The advisor plucks my newly purchased thumbdrive from my hand and plugs it into the top of his computer to start the transfer process.
As I wait, I look around.
Across from me, a well-dressed woman with an expensive purse sits with another advisor picking out her selection of content. The third and fourth stations also have people choosing what they want to grab.
When I start to surreptitiously take a quick picture, one of the advisors notices me and smiles broadly, posing for the shot.
Before there were places like Infinity, a business technically set up to repair cellphones but which seems to attract much more traffic with its entertainment downloads, there was El Paquete Semanal: a weekly updated one terabyte hard drive that runners around the country use to sell content to anyone with the money and a thumb drive. For years, it has been seen as a sort of offline internet, a weekly snapshot of the world outside of Cuba as viewed through the lens of movies, music and video games.
“‘El Paquete was founded by several people, each with a desire to find a way to entertain their towns,” says one of the top distributors of the paquete in Havana who goes by the name Dany Paquete. “We wanted to find a way for the island to see the world in ways outside of politics, showing them culture, sports, entertainment, economy and society, showing them all the things going on in the world that weren’t making it to our TVs.
“It was created through a need to learn more and more about what was happening in the world around us, and not just what our TVs were showing us. Little by little, it increased as a form of consumerism, and we increased our knowledge of what was happening not just in America, but in continents across the world.”
But piracy in Cuba didn't start with the paquete, Laura-Zoe Humphreys says.
"It comes from long before that," says Humphreys, an assistant professor at the University of Manitoba's Department of Anthropology and an expert on Cuba film and piracy. "It is important to note that the whole history of copyright in Cuba is somewhat complicated.
"It's not coming out of nowhere."
Cuba's long history of media piracy includes Beatles records in the '60s, pirate radio stations, pirated VHS and DVDs, she says. Then in 2003, people started using flash drives and hard drives for informal exchanges of media.
The paquete is simply the evolution of all of that into a more efficient and widespread system, Humphreys says.
While it's hard to pinpoint the exact date when the paquete got started, Humphreys says that 2010 is a good ballpark. That's also when Raul Castro opened up licenses for vendors of DVDs and CDs and opened the doors to people operating legal small businesses out of their homes. And just two years earlier, Castro started allowing the official sale of some electronics, like DVD players, to regular citizens for entertainment in the country.
"That created a market for something like the paquete semanal," she says. "It included folders called combos, which included four or five movies as well as images of the official jacket covers, compressed into one file."
To try and operate as a Cuba-legal business, many of these media resellers received licenses for things like computer or cell phone repair, because there is no license for selling this content.
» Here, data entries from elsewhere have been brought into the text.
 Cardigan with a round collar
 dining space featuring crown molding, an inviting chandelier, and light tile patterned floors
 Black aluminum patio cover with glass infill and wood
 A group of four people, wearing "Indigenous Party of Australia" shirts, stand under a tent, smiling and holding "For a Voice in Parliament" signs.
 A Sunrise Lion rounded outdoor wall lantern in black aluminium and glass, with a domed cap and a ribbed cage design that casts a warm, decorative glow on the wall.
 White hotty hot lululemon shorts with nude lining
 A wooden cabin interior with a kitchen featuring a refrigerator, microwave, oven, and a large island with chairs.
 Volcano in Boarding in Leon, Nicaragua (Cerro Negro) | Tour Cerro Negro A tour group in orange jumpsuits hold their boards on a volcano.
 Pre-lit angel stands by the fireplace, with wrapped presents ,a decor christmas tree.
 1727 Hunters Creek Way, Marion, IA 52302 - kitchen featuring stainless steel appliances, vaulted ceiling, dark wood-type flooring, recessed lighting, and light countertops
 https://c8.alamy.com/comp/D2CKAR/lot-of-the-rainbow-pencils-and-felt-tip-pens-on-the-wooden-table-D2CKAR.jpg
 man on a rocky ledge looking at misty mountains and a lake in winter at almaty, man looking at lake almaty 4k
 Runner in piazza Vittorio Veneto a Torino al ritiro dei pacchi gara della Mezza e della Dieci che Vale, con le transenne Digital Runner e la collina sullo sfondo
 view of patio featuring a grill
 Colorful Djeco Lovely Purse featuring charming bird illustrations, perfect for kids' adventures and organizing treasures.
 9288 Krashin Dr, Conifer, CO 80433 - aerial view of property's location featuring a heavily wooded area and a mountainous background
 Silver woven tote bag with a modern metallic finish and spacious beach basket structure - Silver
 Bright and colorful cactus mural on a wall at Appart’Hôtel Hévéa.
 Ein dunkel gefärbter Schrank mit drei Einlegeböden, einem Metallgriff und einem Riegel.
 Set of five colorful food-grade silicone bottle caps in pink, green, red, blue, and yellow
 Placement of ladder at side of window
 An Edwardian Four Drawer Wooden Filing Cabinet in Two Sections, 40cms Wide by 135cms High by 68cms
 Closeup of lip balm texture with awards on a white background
By 2011, Cuban artists, musicians and movie makers were already figuring out how to take advantage of the rampant piracy to help their own creations spread.
Humphreys says that one movie maker she talked to used the paquete to spread the trailer for his movie around the country, as most assume their works will be pirated. Selling content created in Cuba to Cubans is essentially an impossibility, so embracing piracy as a form of marketing has become a new norm. There's even a saying in Cuba that says you're not a hit if you're not in the paquete.
"It is widely known that musicians bring their music to pirates to have it pirated," Humphreys says. "They make money when people come to their shows, to their concerts."
While the government's ambivalence to piracy is problematic, just as problematic is the fact that most Cubans wouldn't be able to afford this content at the prices it sells for in the rest of the world.
"Piracy is rampant throughout many parts of the global south," Humphreys says. "Nobody has the money to buy these products. So when Netflix says, 'We're going to open in Cuba,' I don't know how. There’s no bandwidth at which Cubans can afford that cost."
The same could be said of video games, which often cost what would amount to two months of a typical Cuban's pay.
Infinity serves two major roles for Cubans. In the front of the store, people can bring their cellphones to be jailbroken or repaired. They can also buy small electronics, like VR headsets, phones or thumb drives. In the back it's all content, where people sit and shop for media.
"Infinity is a technology and informatics center where you can go and get series, movies, games and also you have phone apps," says Rafael Rivas, who runs Infinity's social media accounts in the country. "Anything you need that can be downloaded digitally.
"We usually get [media] the day after it comes out but some things, like movies in HD, don't come here too quickly because it's hard to find them online. As long as someone uploads them we get it."
What Infinity and stores like it do, essentially, is rely on a few people who scour the dark web and places like Pirate Bay looking for pirated content. Once they find it, they download it and ensure it's a legitimate, high quality copy and then add it to their library.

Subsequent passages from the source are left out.